Horse Group vs. Rancher
In Arizona, the fate of the wild Alpine horses that roam the Apache-Sitgreaves National Forests has been at the forefront of debate between horse advocacy groups and ranchers and local forest services.
Simone Netherland, president of the Salt River Wild Horse Management Group in Prescott, Arizona, said the last U.S. slaughterhouse was slaughtered in 2007, largely due to inhumane killing and processing methods. He said the venue was closed.
Holland said her group vehemently opposed legislative efforts to legalize the slaughter of wild horses and donkeys for sale on the open market.
In early October 2022, members of the Alpine Wild Horse Advocate Group made the grisly discovery of more than 15 free-roaming horses shot and killed in Apache forest. Recent discoveries put that number at over 40.
About 140 of the original 400 Alpine horses remain free, but many have been sold by the Forest Service and placed on private ranches and reserves throughout Arizona.

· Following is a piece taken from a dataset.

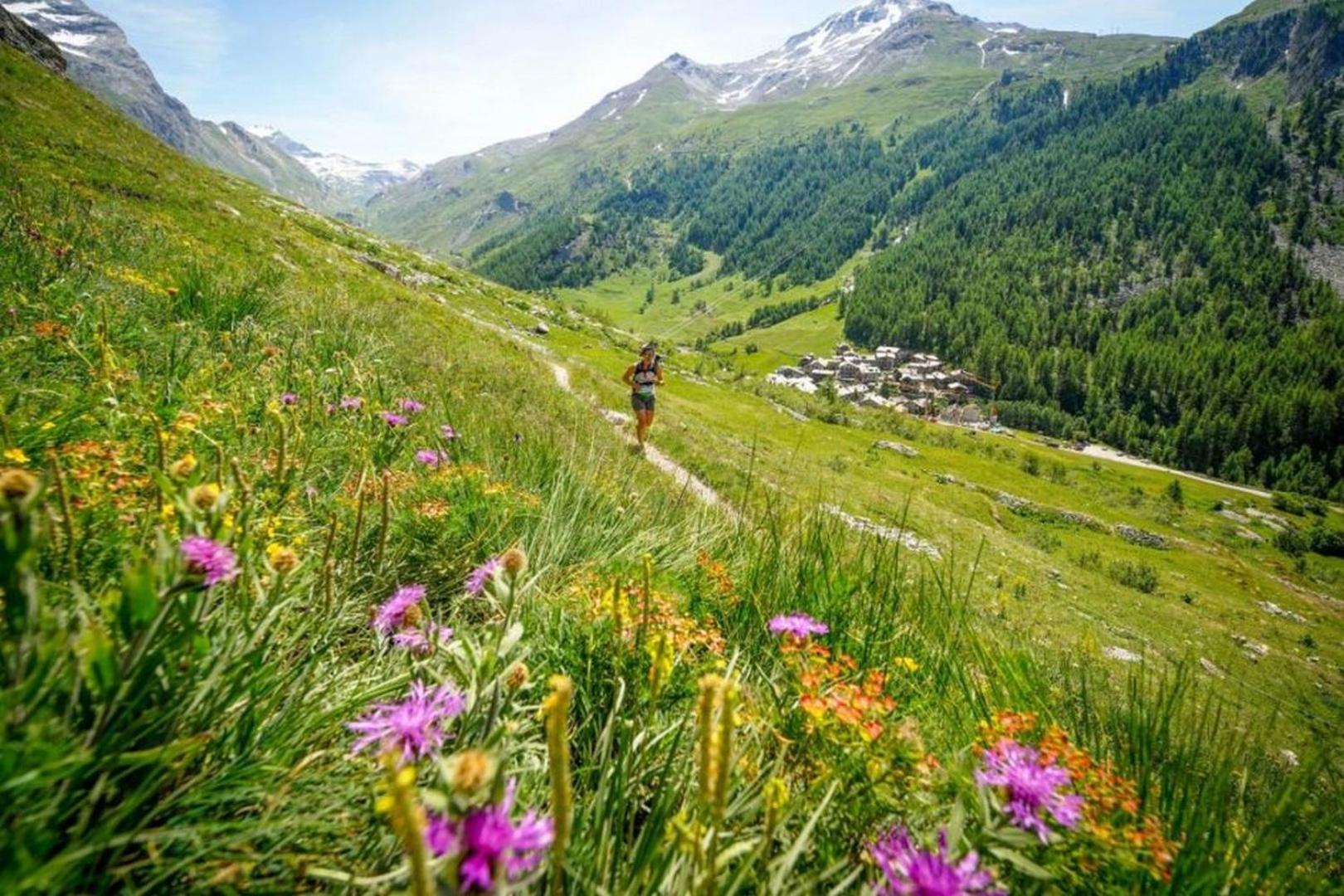 Apartment Le Pied Du Brevent - Walk To Ski Lift, Chamonix Getaway Εξωτερικό φωτογραφία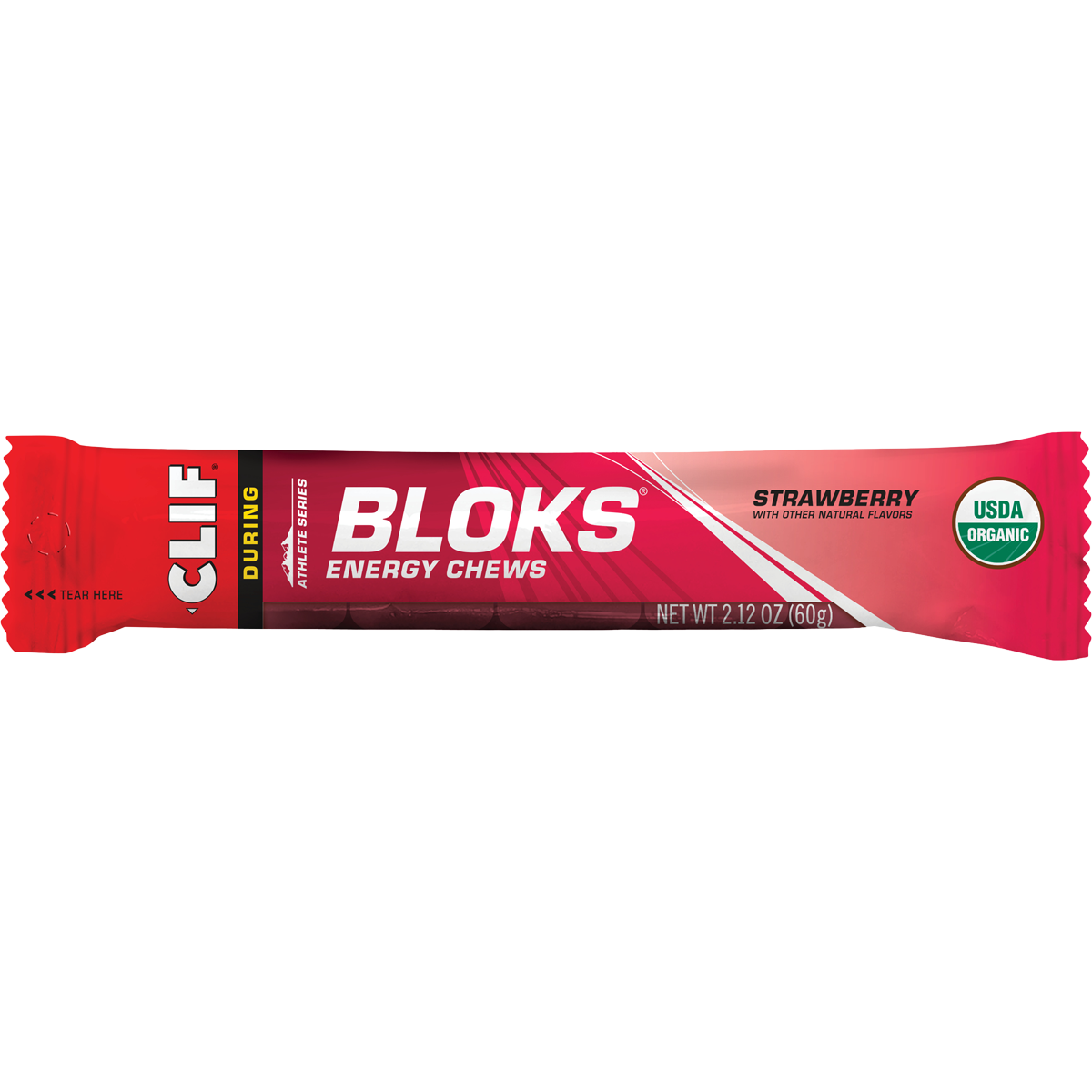 Bloks Energy Chews alternate view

The Forest Service designates wild horses as unlicensed livestock. As such, it is not protected under the 1971 Act.
Holland said Americans don’t eat horse meat today because they don’t like the taste and find it unhealthy.
At least three animal rights groups oppose the consumption of wild or domesticated horse meat in the United States as potentially toxic.
In a joint statement titled “Horse Meat Toxicity,” the AWI, the Humane Society, and the ASPCA said horse meat is “unfit for human consumption” because it contains a number of federally regulated drugs. said. One such drug is phenylbutazone, or ‘Butte’, a pain reliever associated with a potentially fatal human disease.
The statement said that if horse slaughter resumes in the United States, “there will be regular sales of meat containing harmful additives. Not only is it adulterated according to federal law, but It can cause serious harm to people,” he said.
Holland told The Epoch Times that her group was “appalled” by a resolution in Wyoming to legalize the slaughter of wild horses and brows.